ニューアルバム収録の「ボクだけのもの」(のんが脚本・監督・主演の映画『Ribbon』の主題歌として書いた曲)を経て、1stアルバム収録曲であり、サンボマスターが最初に注目を集めた曲である「そのぬくもりに用がある」が始まる。「踊りまくれ、かかって来い!」「おい横浜アリーナこんなもんか? 即完でこんなもんか、違うよなあ! 俺たちもっとできますよねえ! 行きますよおお!」などと、アオりまくる山口。

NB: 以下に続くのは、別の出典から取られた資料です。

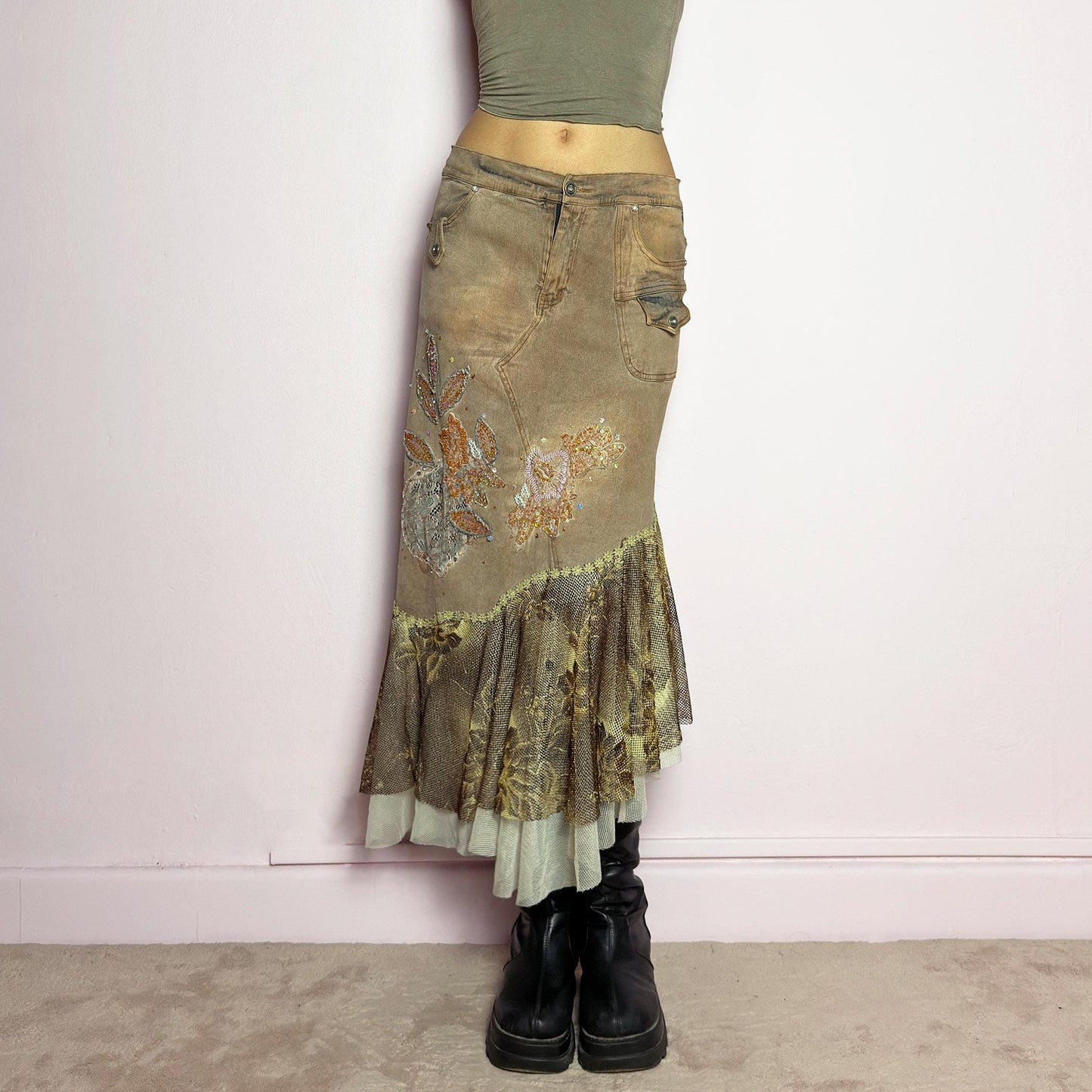The Y2K Asymmetric Ruffle Midi Skirt is a vintage 2000s statement piece featuring a stretchy distressed tan denim base adorned with intricate beaded floral embroidery and sequin details. Designed with an asymmetric layered ruffle hem made of sheer lace and mesh with a metallic floral pattern, this skirt creates a dreamy, deconstructed aesthetic. It includes a button and zipper closure, belt loops, and pockets. adult world shop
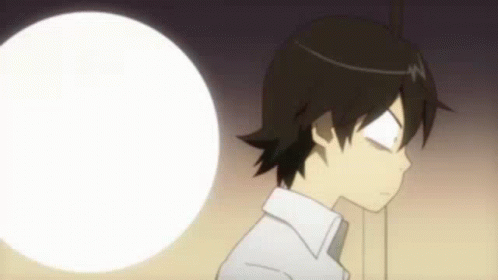 A Young Boy Is Standing In Front Of A White Ball . GIF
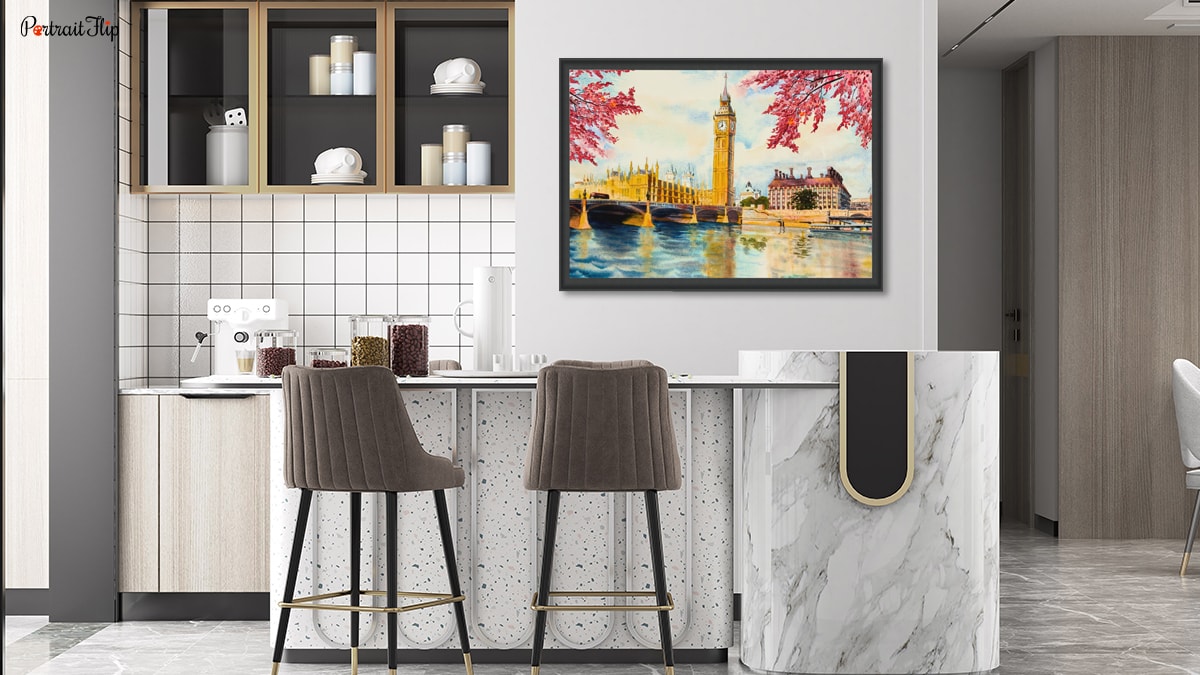 A beautiful interior of a kitchen with a landscape portrait as an art piece. It is brown and white. 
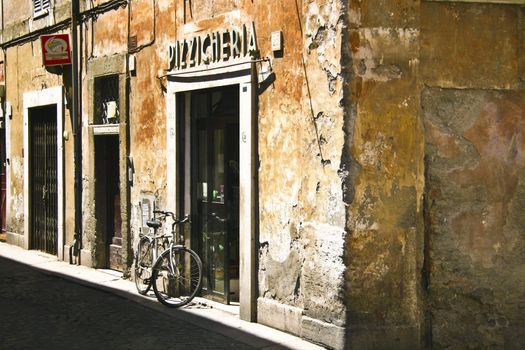 Bicyckle parked in fron of the pizzeria in a ypical italian street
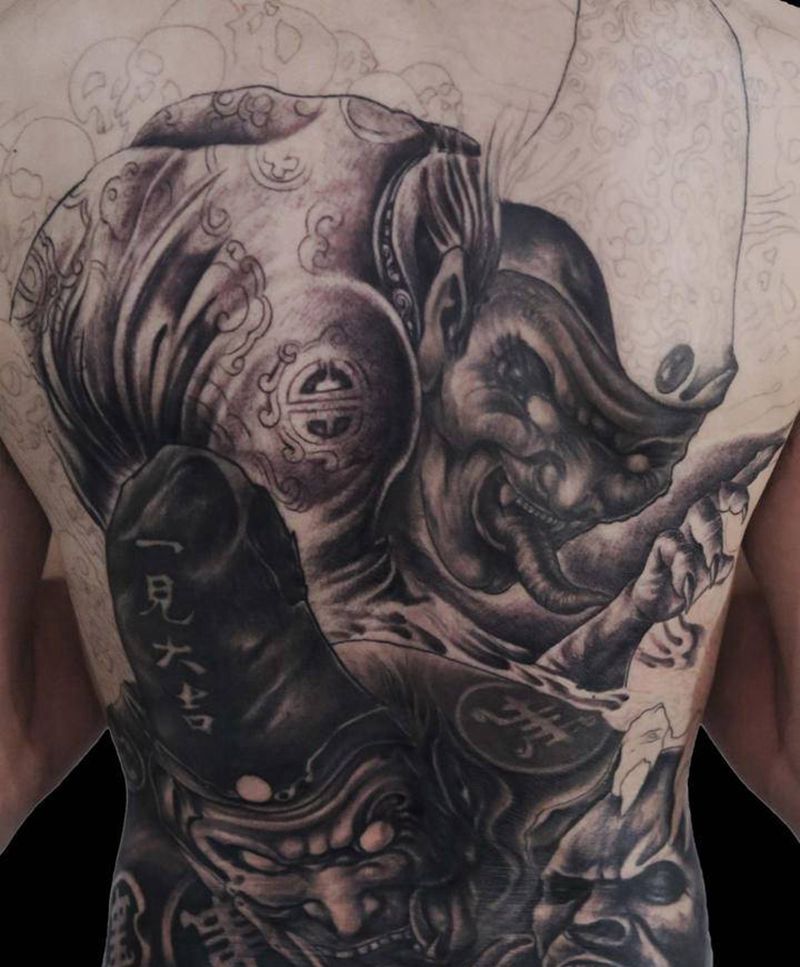 黑白无常未完纹身图片_背部老传统新传统纹身图案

次の「君を守って君を愛して」では、山口、オーディエンスのシンガロングに「横アリ最高っす!」とリアクション。「全員優勝!」「愛と平和!」コールから始まった「世界はそれを愛と呼ぶんだぜ」では、この日最大ボリュームのシンガロングが、フルコーラスにわたって響いた。「孤独とランデブー」では、オーディエンス全員の腕が、曲に合わせて左右に大きく振られる。

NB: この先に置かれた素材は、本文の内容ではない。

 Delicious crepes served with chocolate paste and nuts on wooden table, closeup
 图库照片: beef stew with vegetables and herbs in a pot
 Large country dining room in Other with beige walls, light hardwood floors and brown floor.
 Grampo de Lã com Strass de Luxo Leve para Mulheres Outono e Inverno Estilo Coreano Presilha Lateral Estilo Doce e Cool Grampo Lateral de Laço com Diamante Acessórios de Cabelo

この横浜アリーナのチケットは即完だったが、ホテルはいつものシングルの部屋だった。この間、若手バンドのツアーに呼ばれ、「すみません、ホテルのグレードが普段より下がっちゃうかもしれないんですが」と言われたが、着いたら、いつもと一緒のホテルだった。ある地方では、キャパはデビュー前より5倍6倍になっているが、ホテルは20年前と同じ。でもいちばん腹立つのは、俺、そこがいちばん居心地がいいんだ──。
というMCで笑わせてから、この日二度目の、説法のごとき長尺の語りに入る山口。それを「きみはいたほうがいいよ」という言葉で締めくくり、最新シングル「Future is Yours」から、本編最後のブロックが始まる。

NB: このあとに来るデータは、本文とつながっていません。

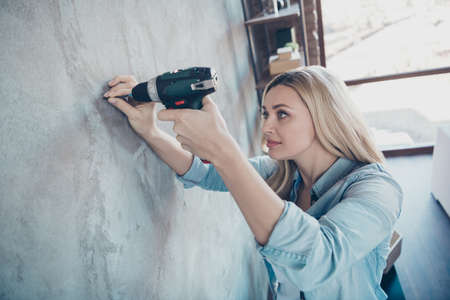 Profile side view portrait of her she nice attractive pretty lovely focused wavy-haired girl making hole in grey wall with drill at modern industrial loft brick style interior room indoorsの写真素材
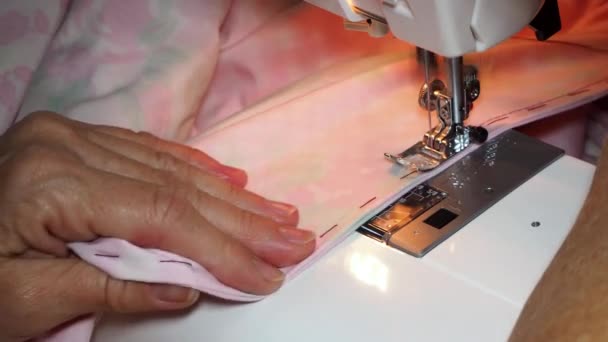 Adult woman seamstress sews from colored fabric on sewing machine.Hands close up. Woman makes a smooth machine stitch on wrong side. Making clothes and sewing bed linen at home or in a garment factory — Stock Video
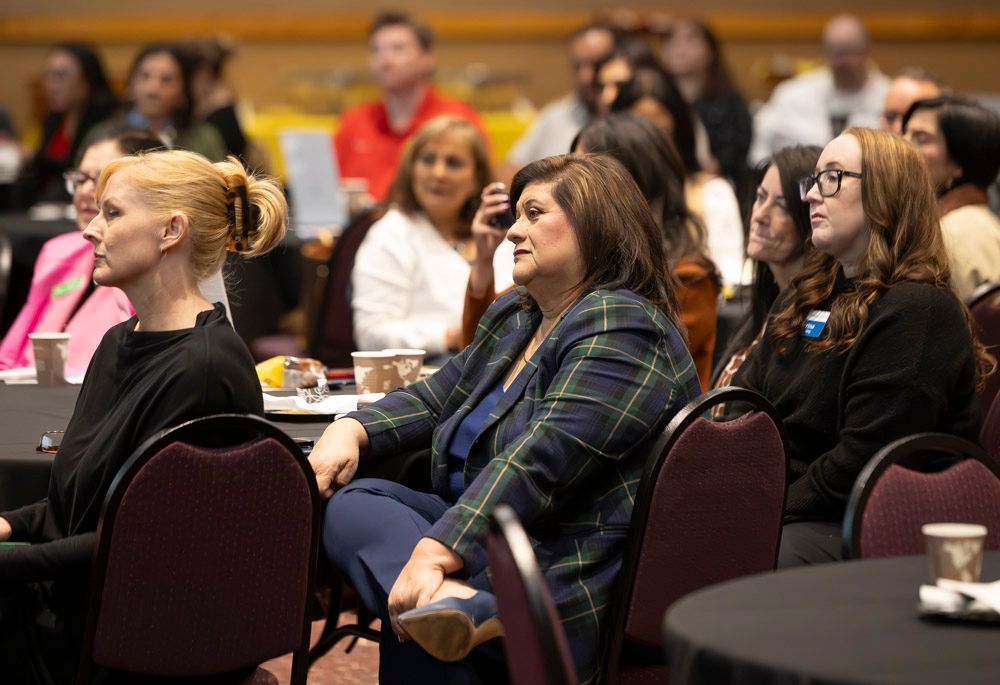 Audience members seated at round tables listening in a conference room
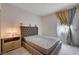 Comfortable bedroom with neutral tones and natural light is perfect for relaxation and rest at 4293 Nopal Serrano Ave, Las Vegas, NV 89141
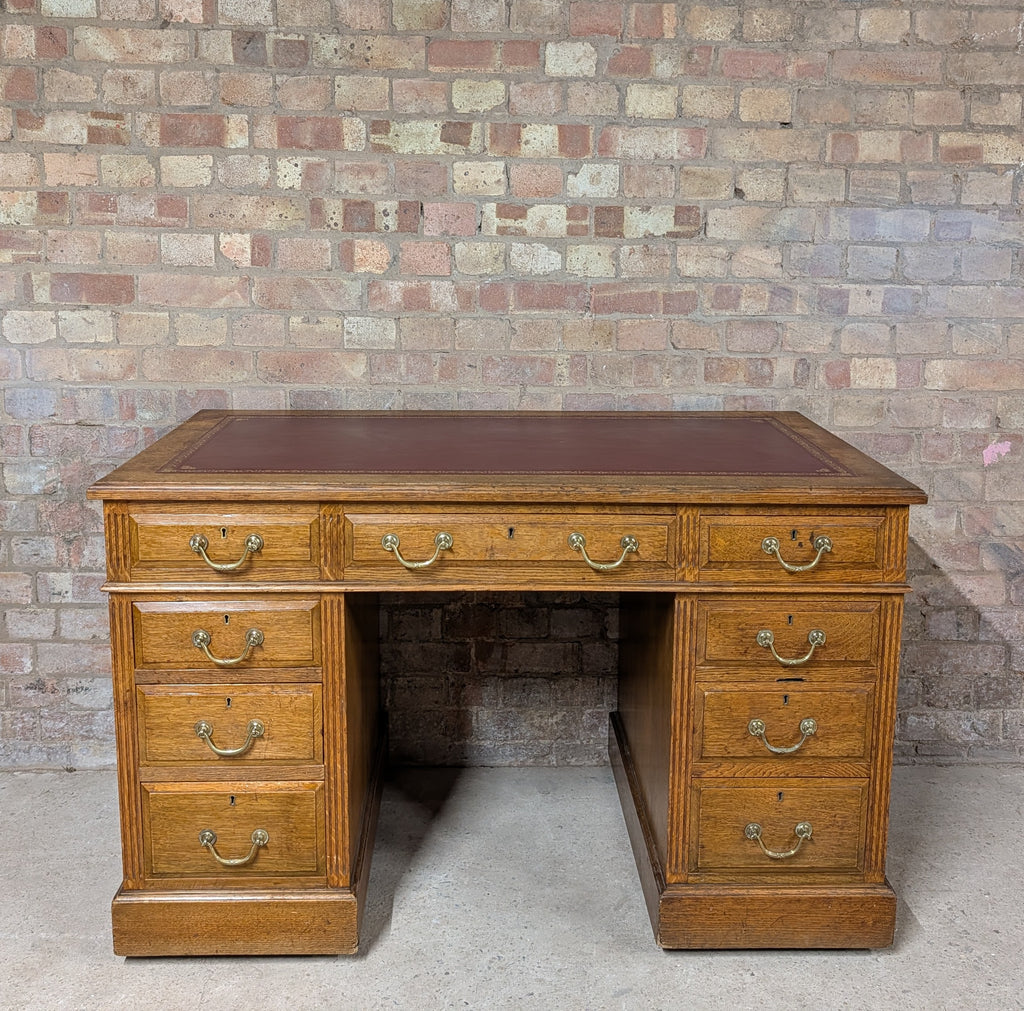 Early 20th Century Maple & Co Antique Oak Leather Top Writing Desk - 9 Drawer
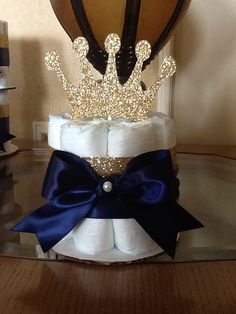 a diaper cake with a crown on top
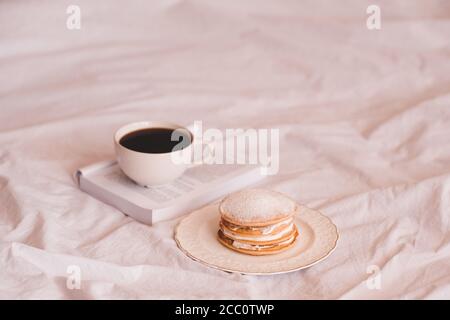 Tasse de café frais sur livre ouvert avec gâteaux de casserole sur plaque blanche dans le lit fermé. Bonjour. Mise au point sélective. Banque D'Images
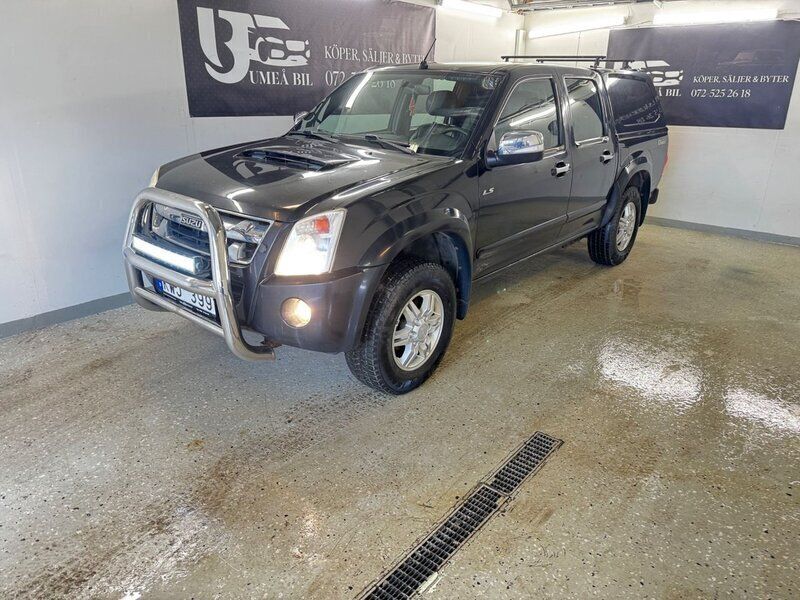 Svart Begagnad 2010 Isuzu D-Max Pickup | 89 900 kr (Marknadspris) - Bild 1/4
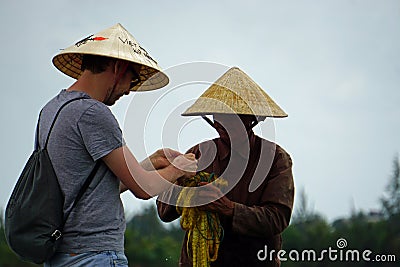 Tourist gets teached in traditional net fishing Editorial Stock Photo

「おめえが輝いてるってことを証明させろ!」「笑ってっかみんな!」「伝説のライブにできる人!」「消え去りてえとか言わせねえかんなこの野郎!」「笑ってくんねえか!」「ひとりぼっちじゃない!」などなどのアジテーションをちりばめながら演奏された、「輝きだして走ってく」と「笑っておくれ」に続いての「できっこないをやらなくちゃ」が、本編におけるピークだったかもしれない。
この曲でのオーディエンスのシンガロングは、「世界はそれを~」を上回る、すさまじいボリュームだったので、オーディエンスの歌声を際立たせるために、バンド側がボーカルをオフにしたり、ギターを止めてリズムだけになったりすることがあるが、バンドの音も山口隆の歌も全開のままでもはっきりと耳に届くシンガロングが、終始横アリに響いた。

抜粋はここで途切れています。